При этом для романтического языкознания, – замечал Жирмунский, – стадией подлинного языкотворчества является лишь начальная, доисторическая, «поэтическая» стадия, когда одновременно творятся миф, поэзия и язык и создается основной корневой лексический материал языка, тогда как последующие исторические периоды языка характеризуются лишь упорядочением этого творческого богатства, а то и деградацией[63].
Так мы оказываемся перед двумя мощными контрмифами – романтическим мифом чистоты и свежести мифического прошлого и модернистским мифом чистоты и свежести технологического общества будущего. Грани между мифическим прошлым и светлым (но тоже вымышленным) будущим у Марра нет. Он сливает их в единый синтезирующий миф конгениальности первобытного человека: «Первые, общественно слабо организованные люди – гениальные творцы в образах, великие поэты, но совсем неважные эрудиты-ученые. С плодами их творчества человечество не расстается в своем новом творчестве: на них, как на сокрытой базе, воздвигает, или из них, как готового материала, лепит новые формы»[64]; романтическая утрата поэзии восполняется модернистским пафосом нового формотворчества.
С другой стороны, мощный эстетический компонент, присущий марровской концепции возникновения языка, делал ее едва ли не в большей степени эстетической, чем научной. Основываясь на теории народно-обрядового синкретизма А. Н. Веселовского, Марр утверждал, что язык родился в синкретической хоровой песне-пляске, бывшей частью магического обряда – «труд-магического действа», «труд-магического процесса», а искусство было изначально тотально-целостным, поскольку «пляска, пение, музыка первоначально не представляли трех отдельных искусств, а входили нераздельно в состав одного искусства»[65]. Само это искусство, утверждал «основоположник материалистического языкознания», родилось из обряда, истоки которого, в свою очередь, лежат «в магических действиях, необходимых для успеха производства и сопровождавших тот или иной коллективный трудовой процесс»[66]. Здесь-то и оказывалось, что «магическое действо „разрешилось“ порождением не трех искусств, а четырех – пляски, музыки, пения и зачатков или элементов звуковой речи, в первоначальном состоянии диффузно или смешанно представленных в одном искусстве»[67]. Это и был тот изначальный Gesamtkunstwerk, из которого все искусства (включая язык!) родились и в лоно которого все они в конце концов стремились после тысячелетий развития (неудивительно, что как продукт искусства язык и определялся Марром в качестве надстройки).

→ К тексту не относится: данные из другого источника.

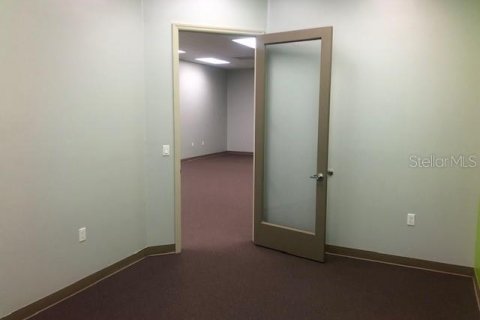 Propiedad comercial en alquiler en Port Charlotte, Florida, 1203.73 m2 № 2166702 - foto 9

Но и тут эта романтическая концепция оказывалась вплетенной в ткань модернистского дискурса, поскольку обрядовое действо описывалось не в качестве выражения некоей расовой или национальной стихии, но в классовых категориях – «народный обрядовый хор» оказался в плену «хранителей культового языка». Видимо, ощутив несовместимость марксистского логоцентризма с этими мистическими, лишенными всякой доказуемости вымыслами, Сталин и назвал эти построения «труд-магической тарабарщиной».

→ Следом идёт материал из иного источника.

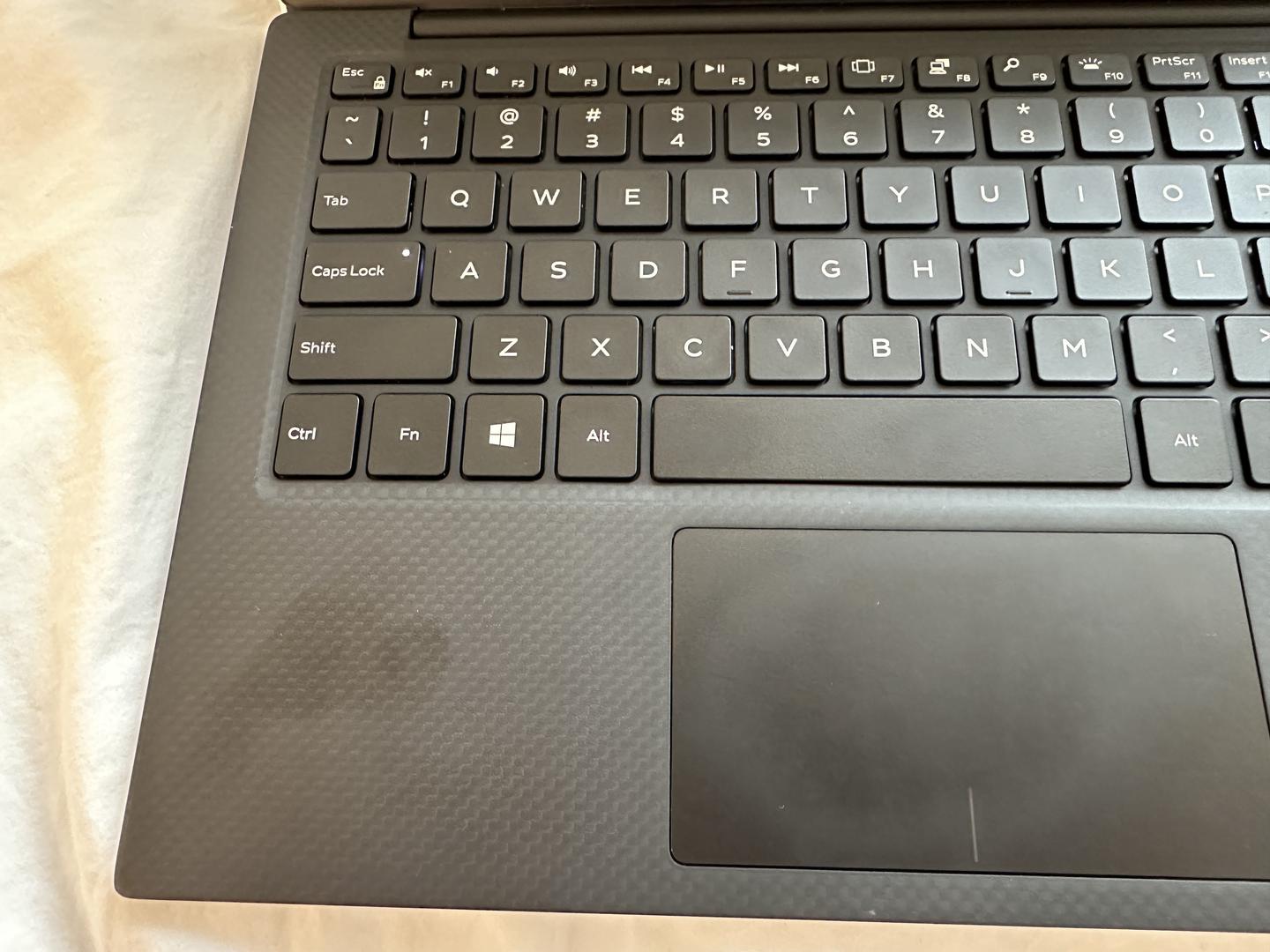 Dell XPS 13 7390 (2019), color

«Этнографический романтизм»[68] Марра был своеобразной компенсацией его классовости. Противопоставление им бесписьменных («народных») и письменных («классовых») языков интересно еще и как образец трансформации логоцентрических построений в сугубо мифологическую картину развития. Мифогенный потенциал марксистской схемы проявился в марризме сполна. В марровских фантазиях поражает профетизм. Радикализм Марра оказывается антиформалистическим и, по сути, антилингвистическим. Сливая язык и мышление, Марр настаивал на том, что звуковая речь – лишь эпизод в истории развития мысли, поскольку на протяжении многих тысячелетий мысль была «линейной, беззвуковой». Лишая звуковую речь экзистенциональной содержательности, превращая ее в историческую категорию, Марр тем самым допускал безъязыковое существование мысли, то есть оголенную мысль, лишенную самой языковой субстанции. Каждый раз именно на этих высоких нотах мысль Марра обретала профетическое измерение:
Язык (звуковой), – заявлял Марр, – стал ныне уже сдавать свои функции новейшим изобретениям, побеждающим безоговорочно пространство, а мышление идет в гору от неиспользованных его накоплений в прошлом и новых стяжаний и имеет сменить и заменить полностью язык. Будущий язык – мышление, растущее в свободной от природной материи технике. Перед ним не устоять никакому языку, даже звуковому, все-таки связанному с нормами природы[69].